SMR design

So, I actually did a bit of Googling to see the literature for SMR. I wanted to see if I was missing something obvious. Probably I still am 🙂

However, it looks like I might actually have something minutely novel, so I figured I’d write it up a bit here.

As an aside, I’ve also now make the generation-advancing function safely multi-threaded, so callers don’t need to worry about that anymore, and you’ll still get forward progress, etc.

So, SMR design.

It’s epoch based.

There’s a main SMR state, and there’s one state per thread.

A thread registers its state with the main state, which has an atomic add-only list of thread states (which can be in the states active, available, retired, etc – it’s add-only, so callers can try to re-use an available state in the list; each thread state knows its NUMA node number, since we care a lot on the per-thread level about NUMA appropriateness).

Each thread state has a single state variable, which is used as a bitmask, so we can atomically (single CAS) modify all the state information in one operation.

The main state has a generation counter which begins at 0.

So, we begin operations – make a main state, each thread makes a per-thread state and registers with the main state.

All the thread begin idle.

Now a thread comes to perform an operation using lock-free operations; it calls a macro, “BEGIN_LOCK_FREE”, which non-atomically sets a bit in the per-thread state which indicates a read section is in progress, and issues a store barrier.

The thread then finishes the lock-free operations, and so calls a second macro, “END_LOCK_FREE”. This non-atomically clears the “read section in progress” bit, and sets a second bit, “exited read section”.

When a thread has removed an allocation from the (say) lock-free data structure and wants to reuse it, it places the allocation in a single-threaded list which is in the per-thread state, noting the generation count in the main state.

So, now we’re humming along – threads are entering and exiting read sections, threads are submitting elements for reuse.

Now what?

Now we come to the point where the user calls the function to try to advance the generation counter in the main state.

We iterate over the list of thread states in the main state.

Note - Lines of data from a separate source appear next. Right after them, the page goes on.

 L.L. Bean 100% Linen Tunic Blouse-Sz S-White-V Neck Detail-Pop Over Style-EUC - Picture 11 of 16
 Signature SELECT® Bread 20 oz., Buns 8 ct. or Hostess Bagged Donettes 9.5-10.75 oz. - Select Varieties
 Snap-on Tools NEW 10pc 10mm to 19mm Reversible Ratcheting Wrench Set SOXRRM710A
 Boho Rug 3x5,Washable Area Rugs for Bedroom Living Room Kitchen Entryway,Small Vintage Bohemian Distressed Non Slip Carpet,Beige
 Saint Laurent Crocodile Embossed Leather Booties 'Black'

Now, each thread has two status bits we care about – one is a flag, which is raised when the thread enters a lockfree section and lowered when it leaves, the other is a flag which is raised when a thread exit a lockfree section; the threads themselves never lower this flag – it is lowered, and in every thread state, by this function we’re in now, which is trying to advance the generation counter, if and only if the generation counter is advanced.

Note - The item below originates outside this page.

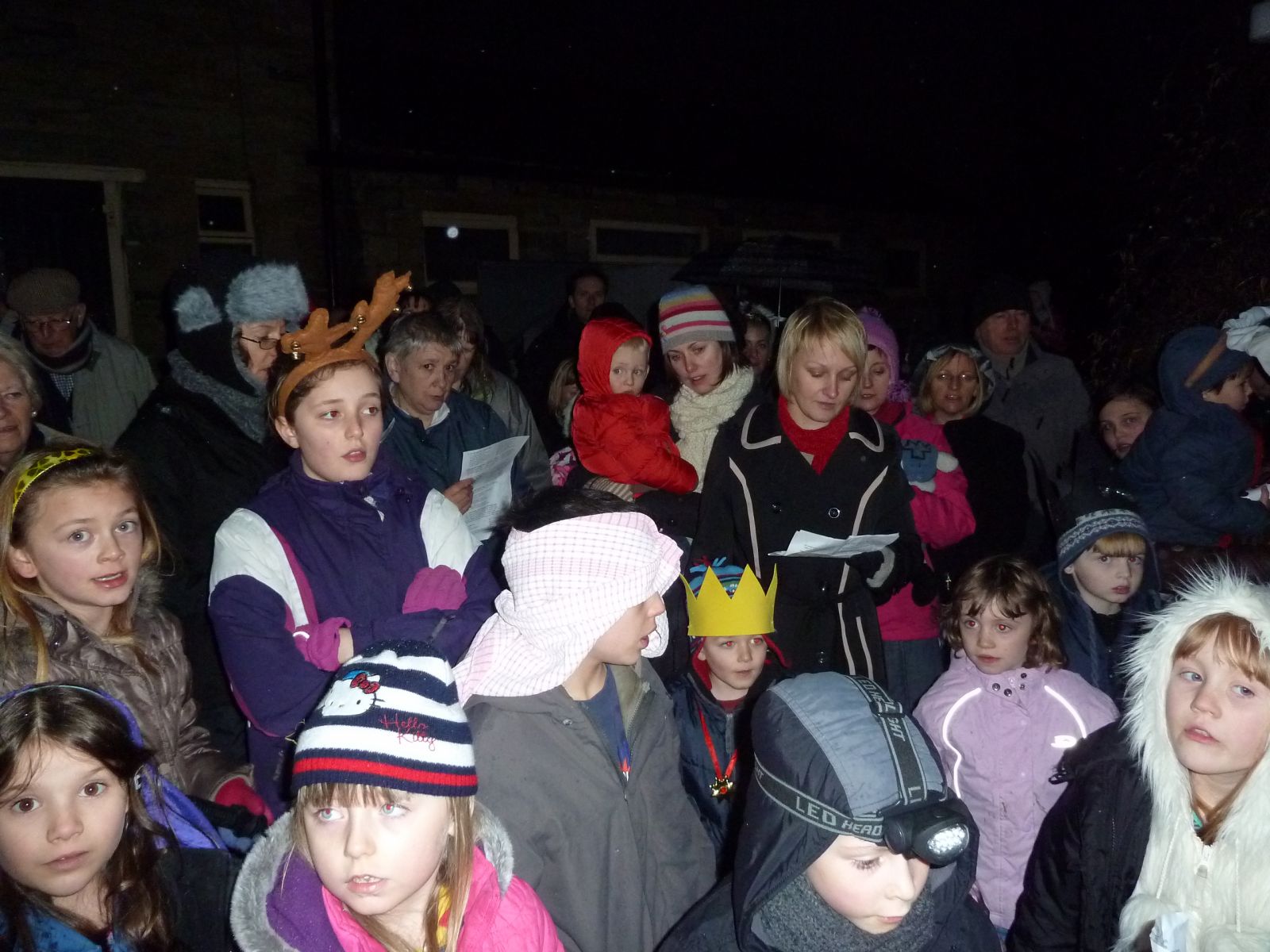 Everyone gathered for the outdoor nativity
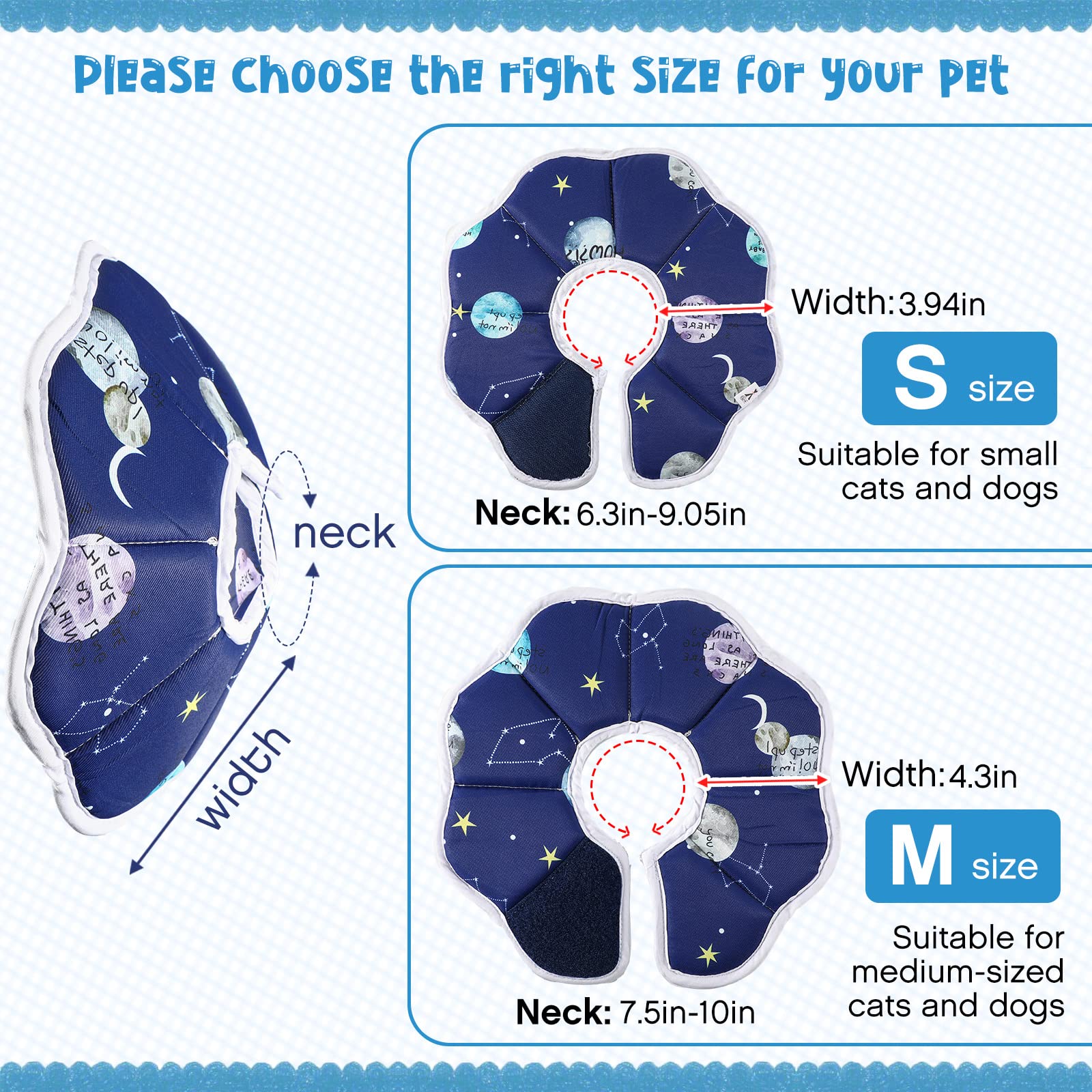 Soft Cat Cone Collar Adjustable Recovery Cat Cone Waterproof Protection Postoperative Kitten Starry Sky Blue Cat Collar Comfortable Protective Pet Collar for Cat Kitten Dogs Rabbits (Small)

What we need, to advance the generation counter, is that every thread has exited a lock-free section (which means all elements queued for reuse are safe) or has been idle (hasn’t entered a lock-free section at all, since the last scan, and so all elements queued for reuse are safe).

So; if we see the exited flag is set, we know a thread has been in and has exited a read section – we’re good.

If we see the active flag is set, and the exited flag is set, we’re still good.

However, if we see the active flag is set, and the exited flag is *not* set, then we’re screwed – we can’t advance the counter.

So, if we can’t advance the counter, we don’t, that’s that. We return.

If we can advance the counter, we do so – but now comes one final vital point.

So – we have threads queuing up elements for reuse. The generation counter begins at 0, so these elements have a generation count of 0. When we check to advance the generation counter, we need to know that every thread has been completely idle, or has exited a read section *after the element was submitted for reuse*. However, when we do get round to scanning the thread states, all we can see is that the exit bit has been set… so we know all the threads HAVE exited a read section, but we don’t know WHEN. It could have been (say) right after only the very first element was submitted – and then it might be one of the threads has been stuck in a long running read section all the time since then – which would mean only the first element was actually safe for reuse.

How do we handle this?

The answer is that when a thread comes to scan its release candidate list, comparing each elements generation counter with the current main state generation counter, elements are only released when the difference is greater than TWO, not ONE.

In other words – having done this first scan (and finding all threads have been idle or have exited), we do advance the generation counter *and we set the exited bit in each thread state to lowered* (this is vital, remember it) – but that does not mean the previous generation (0 in this case) can now be released. It cannot – for we do not know when each thread exited, so we cannot know which elements are safe to release. However, having lowered the exit bit, when we come to scan again, if we see *AGAIN* all threads have been idle or have exited a read section, THEN ALL THREADS MUST HAVE EXITED **AFTER** THE FINAL GENERATION 0 ELEMENT WAS SUBMITTED – which means generaton zero is now safe to release.

So we’re always a generation behind on releasing.

I’m thinking I must have missed an obvious way to simplify this – but I can’t see it. We have to know if a thread had entered a lockfree section (to detect idle threads). We have to know when all the threads have exited (so we can know to advance the generation counter). I mean, basically, the design is that threads indicate they’ve exited a lockfree section, and we notice this only whenever the user calls the generation counter advance function, so we can’t know when they exited, only that they have, so we have to have two rounds of every thread having exited to know the generation before last is clear and safe to release.